Ship.
Request accessSign in

Setup

Integrations beyond the tracker

The tracker you bound in the wizard — Linear, Jira, GitHub Issues, GitLab, or Azure DevOps — defines the schema for your Ship workspace: it is the system of record for work and its field structure. But Ship is not just a read-only mirror. Ship also connects to auxiliary systems: Notion for knowledge ingest, Slack or Teams for daily output and alerts, and telemetry sinks like OpenTelemetry, S3, or custom webhooks for observability. This chapter walks through what each integration is for and how to wire it from Settings → Integrations.

Knowledge sources#

Notion#

Ship can ingest pages and databases from Notion as a knowledge source—the raw material for clarification notes and decision logs that flow through the distiller. Authentication requires a Notion internal integration token (usually prefixed secret_ or ntn_) that you create in your Notion workspace settings. Once connected, you choose which databases or page collections to share with Ship; the integration reads only from what you explicitly grant access to, so scope it narrowly to the resources that belong in your knowledge bucket rather than sharing your entire workspace.

Notion is commonly used as both a tracker and a knowledge source in the same workspace; if your team runs the backlog in Notion, you can connect it as a tracker to populate the work schema. For most teams, though, the better pattern is to treat Notion as a knowledge source first—a place where past decisions, architecture notes, and operational runbooks live—and let the tracker stay in Linear, Jira, or GitHub where the work queue lives.

Comms#

Slack#

Ship can post the daily digest, retro summaries, and high-severity alerts to a Slack channel of your choice. Authentication requires a bot token (prefixed xoxb-) and the name of the channel where you want the output (e.g., #ship-daily). The daily digest is a summary of what moved through the workflow today; retro summaries collate any retrospectives that ran; alerts fire when an event meets a severity threshold you define.
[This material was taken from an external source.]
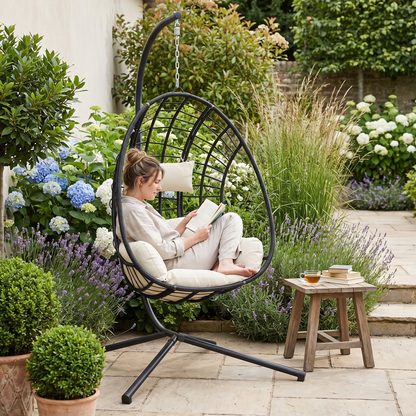 Rattan hanging egg chair with stand lifestyle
The strongest pattern is to dedicate a channel to Ship output rather than cross-posting into #general or a shared channel. A channel that exists specifically to be muted—checked once a day or skipped some days—is healthy; a channel that is supposed to be read but becomes full of noise gets muted by accident, and then nobody sees the alerts that actually matter.

Microsoft Teams#

Ship can post to Teams in the same way—digest, retro summaries, and alerts. Authentication is heavier than Slack because each Teams tenant has a different flow: you either register a webhook URL and grant it the right permissions in your tenant, or you provide an app password and team ID. The webhook approach is usually simpler; allow extra time in your first setup to confirm that the permissions are right and that the webhook can actually post to the channel you choose.

Telemetry#

OpenTelemetry#

If your organization already sends traces and metrics to an observability platform—Honeycomb, Datadog, Tempo, New Relic, or another vendor—Ship can forward its internal events as OpenTelemetry spans. Authentication requires an OTLP endpoint URL and a bearer token or API key for the platform that receives the spans. This is useful if you want to correlate Ship's events with the rest of your infrastructure, or if you want to build custom panels and queries on top of the event stream. The Ship dashboard is opinionated about what's worth showing; the OTLP feed is for teams who want full flexibility.

Custom webhook#

Ship can POST events to a custom webhook endpoint that you own. Authentication requires an endpoint URL and an HMAC signing secret; Ship signs each payload with the secret so that the receiver can verify the request came from your workspace and not from an attacker. The webhook is fire-and-forget: each event class (work created, clarification distilled, alert fired, and so on) triggers a separate POST, so the receiver can stay stateless and process events as they arrive. This pattern is useful for lightweight integrations where you want Ship to be one of many systems sending data into a collector or aggregator.

S3 export#

Ship can write event records to Amazon S3 on a regular schedule—one JSONL file per hour, dropped into a bucket you control. Authentication requires the bucket name, the region it lives in, and an access key secret with permission to write objects. This is the right choice if you want offline analytics on Ship's events, if you need archival for compliance reasons, or if you have a data warehouse that prefers to ingest from files rather than from streams. The JSONL format is human-readable and bulk-import-friendly.

Secrets and credential rotation#

Every credential you paste into the Integrations panel—Notion tokens, Slack bot tokens, API keys for S3 or OpenTelemetry—lives in your workspace's encrypted secret store, not in the .ship/config.yml file that lives in your repository. Rotating a credential is a settings change, not a code change; you replace it in the Integrations UI, and the new credential takes effect immediately. If a credential leaks or is compromised, first revoke it on the provider side (disable the token in Notion settings, regenerate the Slack bot token, delete the S3 access key), and then replace it in Ship—this order ensures that the old token cannot be used even if a revocation process is slow.